Frisch–Waugh–Lovell: residualize-then-regress equals the full regression

\[\hat{\beta}_{\text{TWFE}} = \hat{\beta}_{\text{OLS on demeaned data}}\]

The slope on \(x\) controlling for the dummies equals the slope from OLS on the residualized \(y\) and \(x\). TWFE is the special case where the controls are the country and time dummies.

Noise-cancelling headphones: subtract the engine hum from the signal first, then listen — same music as a silent room.

Two routes to the slope — climb roped-up, or strip the ropes first

Route A — `feols()`

growth ~ ... | id + time
absorbs 150 country + 8 time FE
iterative demeaning under the hood
honest, FE-aware standard errors

Route B — hand-demean + `lm()`

apply \(\tilde{x}_{it}\) to every column
plain OLS, no FE machinery
same point estimates (FWL)
naive SEs — too small

Six lines reproduce TWFE by hand

VARS <- c("growth","ln_y_initial","log_s_k","log_n_gd","log_hcap","gov_cons")
cmean <- aggregate(panel[VARS], list(panel$id),   mean)   # country means
tmean <- aggregate(panel[VARS], list(panel$time), mean)   # time means
gmean <- colMeans(panel[VARS])                            # grand means

for (v in VARS)                                           # demean each column
  panel[[paste0(v,"_dm")]] <-
    panel[[v]] -
    cmean_lookup[[v]] -
    tmean_lookup[[v]] +
    gmean[v]

manual <- lm(growth_dm ~ ln_y_initial_dm + log_s_k_dm + log_n_gd_dm + log_hcap_dm + gov_cons_dm, panel)

The demeaned columns are centred at zero — to 15 decimal places

Variable	Mean of demeaned column
`growth_dm`	−8.1e−17
`ln_y_initial_dm`	8.3e−15
`gov_cons_dm`	1.8e−16

All six means sit at \(10^{-15}\) or smaller — effectively zero.
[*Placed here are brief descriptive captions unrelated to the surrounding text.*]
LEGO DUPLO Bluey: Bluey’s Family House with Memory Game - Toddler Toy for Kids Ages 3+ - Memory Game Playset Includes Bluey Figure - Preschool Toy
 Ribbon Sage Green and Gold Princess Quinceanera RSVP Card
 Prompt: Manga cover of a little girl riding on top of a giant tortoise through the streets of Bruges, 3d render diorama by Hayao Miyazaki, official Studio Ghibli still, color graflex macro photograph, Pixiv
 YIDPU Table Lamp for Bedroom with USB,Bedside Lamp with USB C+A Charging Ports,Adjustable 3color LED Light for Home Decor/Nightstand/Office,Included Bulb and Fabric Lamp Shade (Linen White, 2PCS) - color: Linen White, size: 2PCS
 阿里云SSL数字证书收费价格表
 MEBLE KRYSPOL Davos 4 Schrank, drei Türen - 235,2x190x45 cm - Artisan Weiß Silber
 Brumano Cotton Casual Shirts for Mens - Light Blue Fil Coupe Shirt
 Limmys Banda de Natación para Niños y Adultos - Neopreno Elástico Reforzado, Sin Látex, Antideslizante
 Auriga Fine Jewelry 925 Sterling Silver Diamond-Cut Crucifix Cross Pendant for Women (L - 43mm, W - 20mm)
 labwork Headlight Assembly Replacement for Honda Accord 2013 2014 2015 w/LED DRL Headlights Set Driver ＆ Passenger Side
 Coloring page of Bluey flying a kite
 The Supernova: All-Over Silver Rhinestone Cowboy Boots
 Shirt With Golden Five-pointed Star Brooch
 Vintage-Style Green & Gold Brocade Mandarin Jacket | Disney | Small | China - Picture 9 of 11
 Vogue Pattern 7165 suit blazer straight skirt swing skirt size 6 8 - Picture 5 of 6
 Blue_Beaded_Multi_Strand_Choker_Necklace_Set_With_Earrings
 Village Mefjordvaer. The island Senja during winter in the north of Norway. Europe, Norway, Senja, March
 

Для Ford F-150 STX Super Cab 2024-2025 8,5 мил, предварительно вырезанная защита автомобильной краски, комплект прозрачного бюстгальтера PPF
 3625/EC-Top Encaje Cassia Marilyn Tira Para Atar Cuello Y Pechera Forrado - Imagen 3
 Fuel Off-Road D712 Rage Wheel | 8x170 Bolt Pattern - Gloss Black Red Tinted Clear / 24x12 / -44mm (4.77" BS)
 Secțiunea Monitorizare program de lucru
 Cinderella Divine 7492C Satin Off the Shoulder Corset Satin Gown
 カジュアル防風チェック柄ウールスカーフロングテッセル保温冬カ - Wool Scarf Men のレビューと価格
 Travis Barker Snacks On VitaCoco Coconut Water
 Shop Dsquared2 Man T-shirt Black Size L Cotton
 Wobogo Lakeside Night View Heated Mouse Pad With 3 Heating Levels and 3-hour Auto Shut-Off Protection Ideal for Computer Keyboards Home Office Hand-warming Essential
The transformation is implemented correctly.

The Resolution

Act III

The two routes agree to 12 significant digits — max gap is machine epsilon

Variable	`feols` TWFE	manual OLS	difference
`ln_y_initial`	−0.055286	−0.055286	−4.2e−17
`log_s_k`	0.019725	0.019725	3.5e−18
`gov_cons`	−0.102795	−0.102795	−3.1e−16

all.equal() returns TRUE. Largest difference 3.05e−16 ≈ IEEE-754 machine epsilon (2.2e−16).

One number, two methods, zero disagreement

−0.055286

Convergence \(\hat\beta\) on log initial income — identical from feols() and from lm() on demeaned data

Demeaning is the picture: wide spread collapses to within-variation

Raw cross-country spread on the left (x from ~3 to 9); after two-way demeaning, the same data compresses to roughly −0.5 to 0.3 around zero.

Inside one country: observed minus two means, plus the grand mean

Country 1: observed growth (blue), country mean (orange dashed), time means (teal), grand mean (gray), and the demeaned residual (black) fluctuating around zero.

The catch: identical coefficients, but `lm()` standard errors are too small

For every regressor the naive lm() bar (gray) is shorter than feols IID (orange) and clustered (blue).

The strongest objection — and the answer

Objection. “If lm() on demeaned data nails the coefficients, why not just use it and skip fixest?”

Response. Because correct points \(\neq\) correct inference. lm() understates SEs by 7–22% — narrow CIs, inflated \(t\)-stats. feols() fixes the df and clusters for serial correlation. Use a panel estimator for any test.

What demeaning teaches: FE identifies within variation, nothing else

Time-invariant regressors have country mean = themselves → demean to zero → dropped
The grand-mean correction is not optional — omit it and FWL breaks
Within R² = 0.177 vs adjusted R² = 0.755: the FE absorb most of the variance

TWFE is just OLS on two-way-demeaned data — agree on β, never trust its naive SE.